Our research group is developing a simulation-based seismic risk assessment method instead of relying on fragility functions. Generating seismic demand for a large set of expected ground motions through structural response analysis incurs significant computational costs. To address this, we propose a method that generates a small dataset using simulations and expands it using machine learning. This paper presents a predictive model for seismic demand corresponding to a set of assumed ground motions.
As input ground motions for this study, we generated broadband (0.1-10 Hz) ground-motion time series for a total of 1,515 earthquake scenarios for an Mw6.9 event in a heterogeneous three-dimensional medium using a hybrid approach combining 3D finite-difference with a semi-empirical method.

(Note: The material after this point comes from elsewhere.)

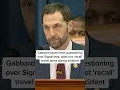 Gabbard faces fresh questioning over Signal leak does not recall travel plans during incident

To represent ground motion information as input, we developed a method for extracting low-dimensional features from ground motion waveforms. First, we constructed an autoencoder using a convolutional neural network (CNN) to generate low-dimensional features. To verify whether the extracted features preserved the original waveform characteristics, we evaluated reconstruction performance by decoding the features back into waveforms. Differences were observed in both low- and high-frequency bands in the frequency domain. To improve this, we developed a hierarchical autoencoder using a Laplacian pyramid, which enhanced waveform reconstruction accuracy.
Next, we developed a seismic demand prediction model using Gaussian process regression (GPR) combined with Bayesian optimization. The model is initially trained on a randomly selected dataset and refined through active learning with Bayesian optimization.
We applied this method to predict seismic demand for a five-story steel frame building, focusing on maximum interstory drift and peak floor acceleration at each story. Seismic response analyses were conducted using 100 ground motion records to generate training data, and the predictive model was trained accordingly. The trained model was then used to predict seismic demand for 1,515 ground motions.
First, we examined the impact of acquisition function choice and hyperparameter optimization on prediction performance. The results showed that using the Upper Confidence Bound (UCB) acquisition function led to poor prediction accuracy, whereas using Expected Improvement (EI) yielded favorable results. Furthermore, hyperparameter optimization improved model accuracy by enhancing its fit to actual values.
To validate the effectiveness of low-dimensional ground motion features, we compared the proposed model with one using three conventional intensity measures (PGA, PGV, and Sa(T)) as explanatory variables. The results showed that the conventional model had lower accuracy for the fourth and fifth stories, whereas the proposed model maintained high accuracy across all stories. Moreover, the proposed method outperformed the conventional approach in predicting both maximum interstory drift and peak floor acceleration at all stories.